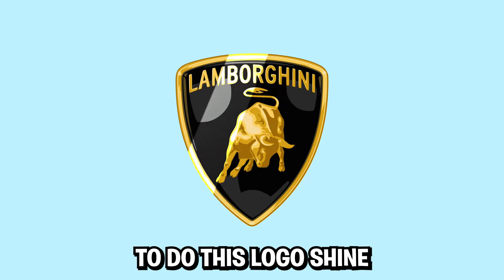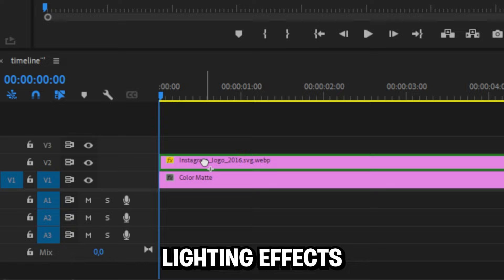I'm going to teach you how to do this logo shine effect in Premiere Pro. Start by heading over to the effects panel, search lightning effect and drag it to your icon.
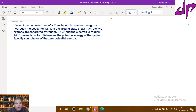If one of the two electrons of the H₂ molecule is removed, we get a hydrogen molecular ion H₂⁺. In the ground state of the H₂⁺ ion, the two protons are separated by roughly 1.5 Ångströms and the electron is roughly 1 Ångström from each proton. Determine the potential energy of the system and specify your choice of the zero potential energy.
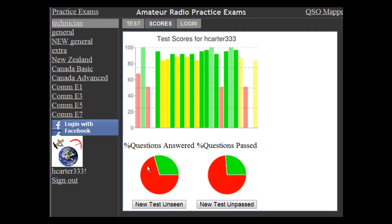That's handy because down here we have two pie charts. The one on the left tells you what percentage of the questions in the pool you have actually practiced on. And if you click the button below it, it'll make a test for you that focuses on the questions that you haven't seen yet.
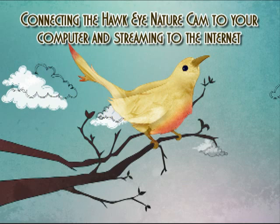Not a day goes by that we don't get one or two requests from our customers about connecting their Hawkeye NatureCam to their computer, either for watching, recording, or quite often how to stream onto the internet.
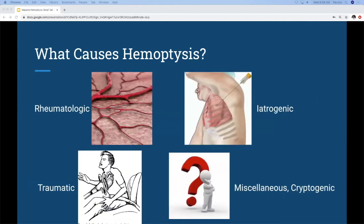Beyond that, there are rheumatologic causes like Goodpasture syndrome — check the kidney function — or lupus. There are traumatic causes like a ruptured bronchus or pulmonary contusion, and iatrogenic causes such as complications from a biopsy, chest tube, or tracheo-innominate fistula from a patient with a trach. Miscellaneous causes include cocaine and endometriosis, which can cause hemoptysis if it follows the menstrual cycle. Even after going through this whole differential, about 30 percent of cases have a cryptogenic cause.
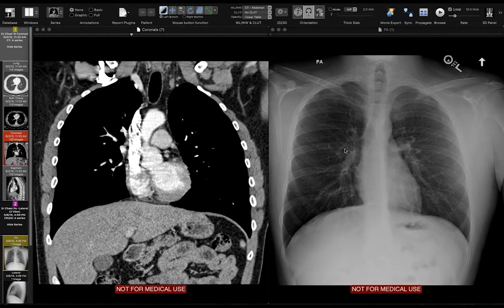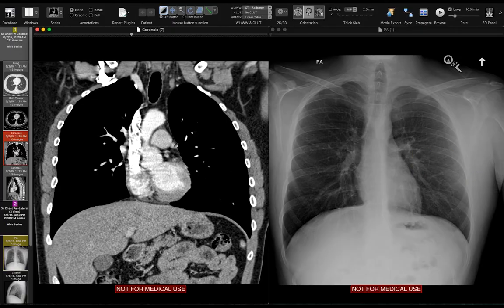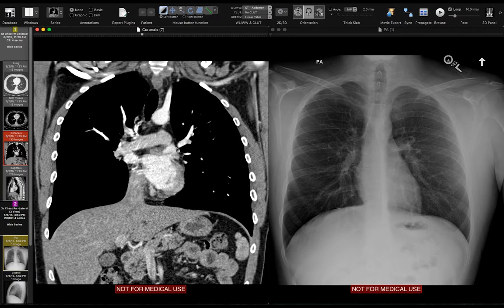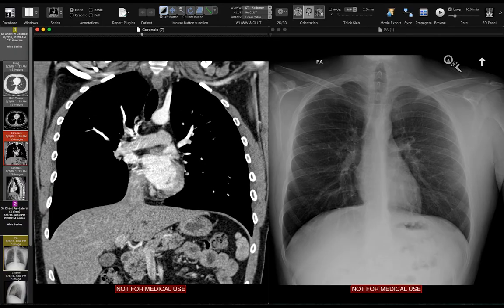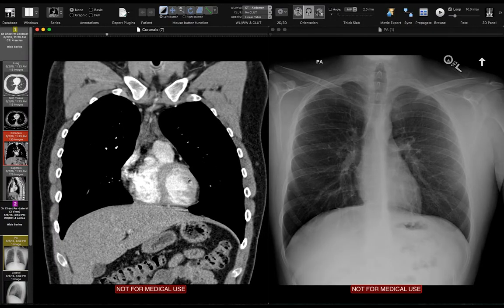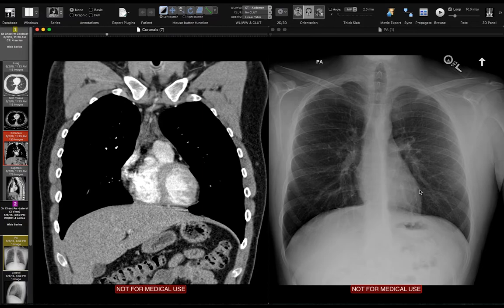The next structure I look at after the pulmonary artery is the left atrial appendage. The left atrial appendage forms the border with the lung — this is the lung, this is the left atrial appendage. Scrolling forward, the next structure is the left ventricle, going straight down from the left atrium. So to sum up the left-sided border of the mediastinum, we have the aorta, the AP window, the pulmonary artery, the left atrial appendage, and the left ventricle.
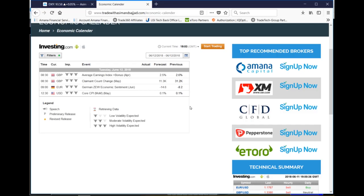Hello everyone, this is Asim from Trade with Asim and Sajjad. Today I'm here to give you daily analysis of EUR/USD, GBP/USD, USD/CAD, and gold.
_ _ _ _ _
The task:
Write the entries out again exactly as they appear, with the pictures omitted.

Solution for this problem:
I'm going to teach you how to do this logo shine effect in Premiere Pro. Start by heading over to the effects panel, search lightning effect and drag it to your icon.
If one of the two electrons of the H₂ molecule is removed, we get a hydrogen molecular ion H₂⁺. In the ground state of the H₂⁺ ion, the two protons are separated by roughly 1.5 Ångströms and the electron is roughly 1 Ångström from each proton. Determine the potential energy of the system and specify your choice of the zero potential energy.
That's handy because down here we have two pie charts. The one on the left tells you what percentage of the questions in the pool you have actually practiced on. And if you click the button below it, it'll make a test for you that focuses on the questions that you haven't seen yet.
Not a day goes by that we don't get one or two requests from our customers about connecting their Hawkeye NatureCam to their computer, either for watching, recording, or quite often how to stream onto the internet.
Beyond that, there are rheumatologic causes like Goodpasture syndrome — check the kidney function — or lupus. There are traumatic causes like a ruptured bronchus or pulmonary contusion, and iatrogenic causes such as complications from a biopsy, chest tube, or tracheo-innominate fistula from a patient with a trach. Miscellaneous causes include cocaine and endometriosis, which can cause hemoptysis if it follows the menstrual cycle. Even after going through this whole differential, about 30 percent of cases have a cryptogenic cause.
The next structure I look at after the pulmonary artery is the left atrial appendage. The left atrial appendage forms the border with the lung — this is the lung, this is the left atrial appendage. Scrolling forward, the next structure is the left ventricle, going straight down from the left atrium. So to sum up the left-sided border of the mediastinum, we have the aorta, the AP window, the pulmonary artery, the left atrial appendage, and the left ventricle.
Hello everyone, this is Asim from Trade with Asim and Sajjad. Today I'm here to give you daily analysis of EUR/USD, GBP/USD, USD/CAD, and gold.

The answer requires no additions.